Цепляясь обеими руками за стол, он поднялся и объявил:
– С вашего позволения, господа, я вас ненадолго покину. Подышу свежим воздухом, меня отчего-то мутит… Надо полагать, жаркое…
Он вышел под открытое небо, остановился у воротного столба. Легкий ветерок с реки Темзы приятно охлаждал разгоряченную голову и развеивал хмель. Поблизости, под навесом, сидели за бутылкой вина все трое слуг, и д'Артаньян, бессмысленно улыбаясь, слушал их разговор.
– Все бы ничего, – жаловался сотоварищам Любен, слуга де Варда. – Но сил у меня больше нету слушать здешнюю тарабарщину. Ну что это такое, ежели ни словечка не поймешь?

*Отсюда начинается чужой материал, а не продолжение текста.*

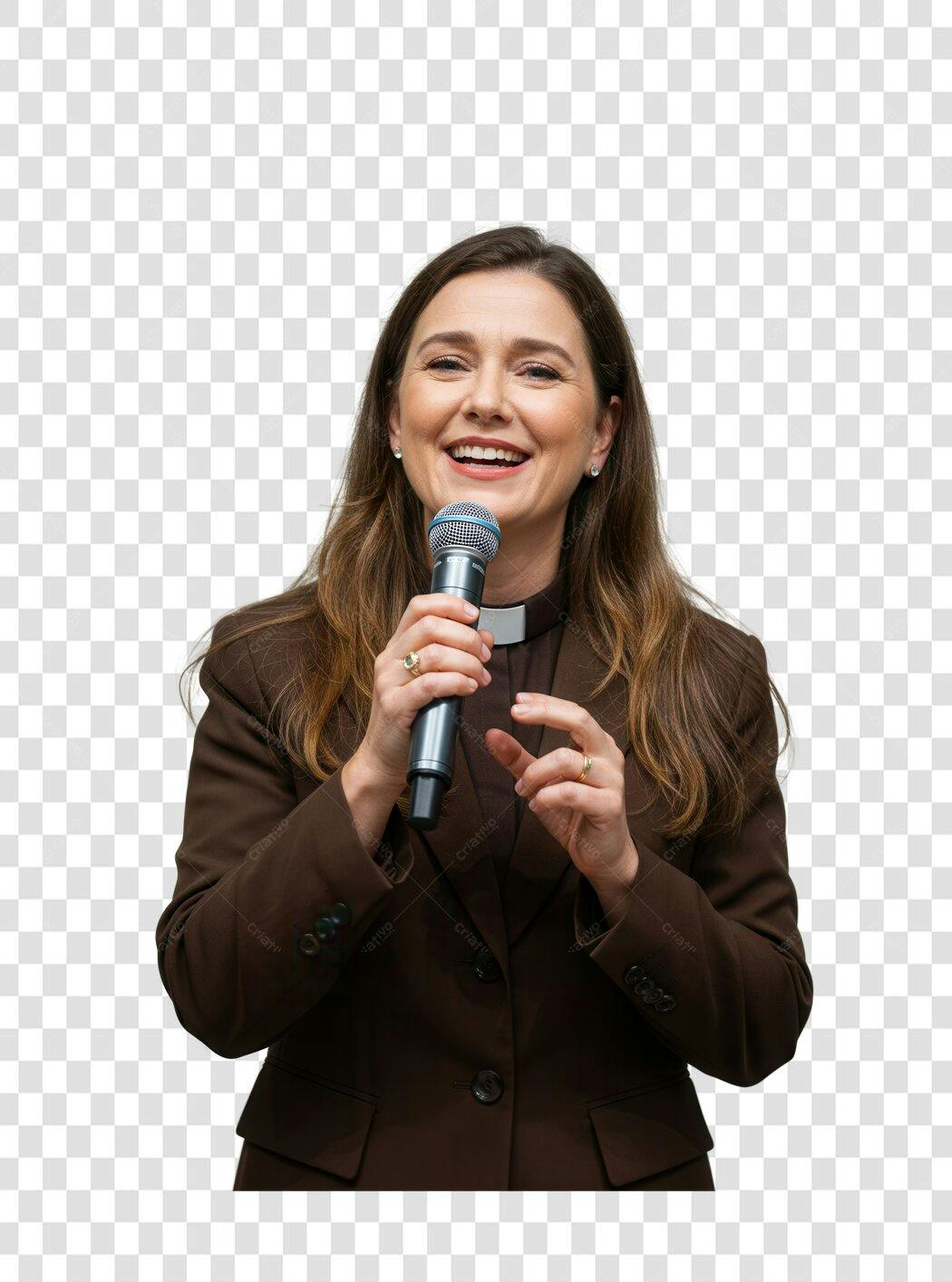 Imagem PNG mulher palestrante com fundo transparente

– Это называется – иностранный язык, дубина, – с явным превосходством сказал Планше. – Вот взять хотя бы нас с господином д'Артаньяном – господин д'Артаньян знает испанский, а я – английский.
– А я знаю московитский, – объявил великан Эсташ. – Когда я служил у господина капитана де Маржерета и заехал с ним в Московию во время тамошней войны, за два года научился болтать по-московитски. Один ты у нас, Любен, дубина дубиной, Планше тебя правильно назвал…

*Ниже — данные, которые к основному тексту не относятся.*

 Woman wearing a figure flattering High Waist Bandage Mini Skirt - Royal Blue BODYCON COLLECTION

– Куда уж правильней, – сказал Планше, ободренный поддержкой. – Вот подойдет к тебе, дубина, англичанин и скажет: «Уэлкам, сэр!» И что ты ему ответишь?
– Ага, – поддержал Эсташ. – А подойдет к тебе московит и скажет: «Zdrav budi, bojarin». Что ты подумаешь?
– Да ничего я не отвечу и ничего не подумаю, – решительно заявил Любен. – Возьму да и тресну по башке и твоего англичанина, и твоего московита – конечно, если это не дворяне. Позволю я простонародью так меня ругать!
– Да что ты, это не ругань! – сказал Планше. – Англичанин тебе говорит: «Добро пожаловать, сударь!»
Эсташ сказал:
– А московит говорит: «Позвольте, сударь, пожелать вам доброго здоровья!»
– А вы не врете?
– И не думаем!
Так почему же они не говорят по-человечески? – удивился Эсташ.
– Они и говорят. Только по-английски.
– И по-московитски.
– Смеетесь вы надо мной, что ли? – возмутился Любен. – Чушь какая-то. Почему они не говорят по-человечески?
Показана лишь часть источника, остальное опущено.